Select telescopes optimized to give the best views of:
* Each visible planet ... including, by popular demand, Pluto. About half are up at any time. Scope operators should point out noticeable moons.
* The Moon. One scope with a whole-globe synoptic view, followed by one with a high-magnification view near the terminator.
* Asteroids that are "up": Any that are labeled "dwarf planet"; major spectral classes S, C, and M; classes V and G because the Dawn spacecraft visits Vesta and Ceres; whatever other bright ones are available.
* The brightest comet that's up, even if very faint.
* Stars, by spectral type, as I described in 7 Spectral Types in 1 Big Loop, plus telescopes pointed at a red dwarf and a white dwarf.
* Multiple stars, preferably color-contrast
* Open cluster
* Globular cluster
* Pre-stellar nebula
* Planetary nebula
* Supernova-remnant nebula like the Crab
* HDE 226868 or another indicator of a black hole
* Elliptical galaxy
* Spiral galaxy
* Interacting, distorted galaxies
* Active galaxy like a quasar (3C 273), BL Lacertid, or Seyfert.
* Galaxy cluster
Assigning specific scopes to specific objects requires attention to available focal ratios, apertures, eyepieces, and the personalities of their operators. Depending on how long it takes the gathered students to see an object in each telescope, scopes can be re-pointed to other planned objects 2 or 3 times during the session. Several targets require fat light-buckets. 1 or 2 could handle them all, in sequence, during a 2-hour session.
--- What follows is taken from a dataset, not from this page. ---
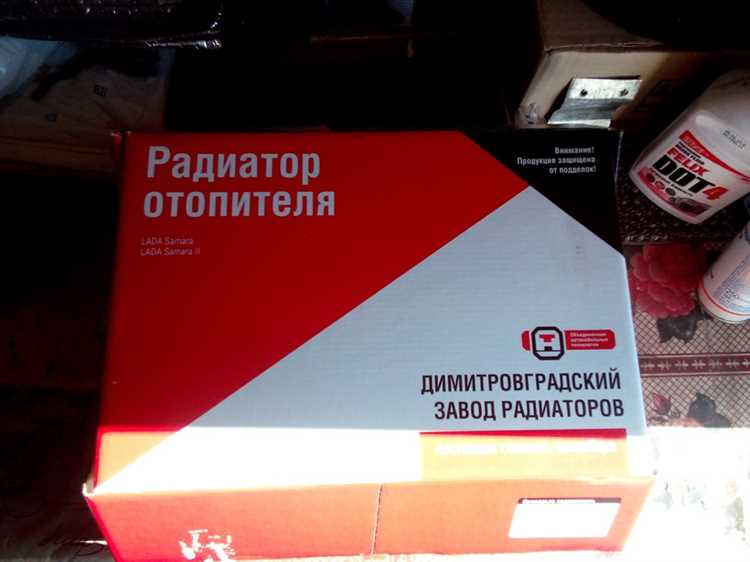 Необходимые инструменты и расходные материалы для замены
The Telescope Triplets I advocate can also teach how telescopes and eyepieces affect the view.
The Trading Cards for Telescopes and Celestial Objects I advocate should be pre-planned and heavily distributed.
Asteroids, dwarf stars, several deep-sky objects, and galaxy clusters look tiny and faint. These teach the students to appreciate the views from giant observatories.
For this rich an experience, students could buy $5-$10 tickets. That should cover venue expenses plus honoraria for amateurs who bring their own scopes. Teachers would give credit for attending and filling out observing logs.
Most students can afford a $10 ticket. They would pay that for a night's entertainment anyway. It's similar to the expense of driving to the dark-sky site. They can save more by buying used textbooks instead of new. Someone may want to quietly handle "scholarship" discounts. The event definitely will cost something to run and that needs to be raised.
Cooperating instructors might be able to organize this kind of event, especially if they have access to appropriate scopes and operators, both student and amateur. Here in the San Francisco area, The Astronomical Association of Northern California might be able to organize it. It could also be a commercial venture.
Though designed for students in introductory astronomy courses, such a planned, organized star party should attract many amateur astronomers, and some of the public.